El mismo Cortés, antes de emprender batalla, mandaba erigir altares y celebrar misa. En su visión, la conquista no era solo del territorio, sino de las almas.

Ese sentido trascendente de la acción explica la profunda impronta cultural que España dejó en América: la lengua, la religión, la arquitectura y la mezcla de sangres que definieron la identidad del continente.

Humanidad y cultura

El soldado español no fue únicamente un combatiente. Muchos actuaron como exploradores, cronistas y fundadores de ciudades.

El propio Bernal Díaz del Castillo, soldado de Cortés, dejó una obra monumental: Historia verdadera de la conquista de la Nueva España, escrita con un lenguaje sencillo, humano y honesto, donde se transparenta el sufrimiento y la gloria del soldado común.

Otros, como Alvar Núñez Cabeza de Vaca, mostraron una humanidad excepcional al convivir con los pueblos indígenas, aprender sus lenguas y escribir sobre ellos con respeto. Su relato Naufragios es un testimonio extraordinario de compasión y resistencia.

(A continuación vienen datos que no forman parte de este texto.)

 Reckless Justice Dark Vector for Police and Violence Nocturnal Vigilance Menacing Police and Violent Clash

Las sombras y la medida justa

Hubo abusos, sin duda: codicia, violencia y crueldad. Pero también hubo justicia, leyes y esfuerzos sinceros por enmendar errores. La Corona Española fue la única potencia europea que promulgó leyes para proteger a los indígenas —las Leyes Nuevas de 1542—, un gesto que nació de la conciencia moral de su propio pueblo y de las denuncias de hombres como Bartolomé de las Casas.

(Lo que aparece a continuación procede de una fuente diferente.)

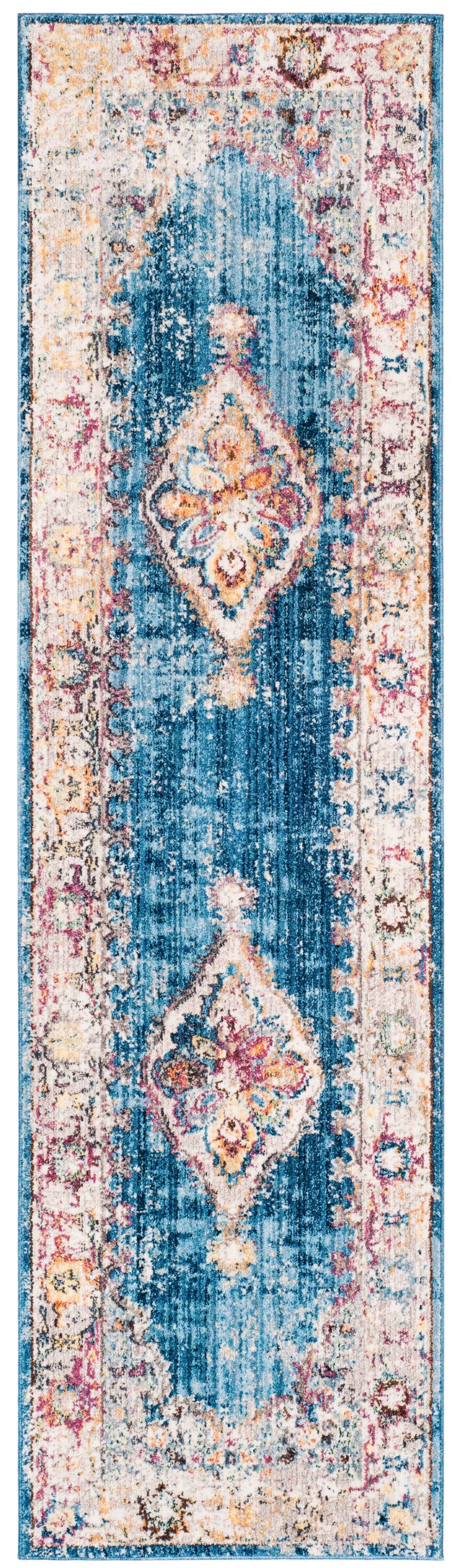 Bristol Blue and Ivory Distressed Runner Rug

Los excesos existieron, pero no definen la totalidad del proceso. El conquistador español fue, en lo esencial, un portador de cultura y de fe, un hombre de carne y alma, con grandezas y miserias, pero capaz de fundar civilizaciones.

Así las cosas. “Entre la cruz y la espada” se jugó el destino de América. El soldado español encarnó esa tensión: entre la ambición y la devoción, entre la guerra y el espíritu, entre el pecado y la fe.

Su historia no puede ser contada solo desde la condena ni desde la idealización, sino desde la verdad humana: hombres valientes, profundamente religiosos, capaces de cometer errores, pero también de gestos heroicos, de amistad y de humanidad que hoy siguen asombrando.

Recordarlos así no es justificar sus faltas, sino reconocer su dimensión histórica y moral, y el papel decisivo que desempeñaron en la formación de un continente.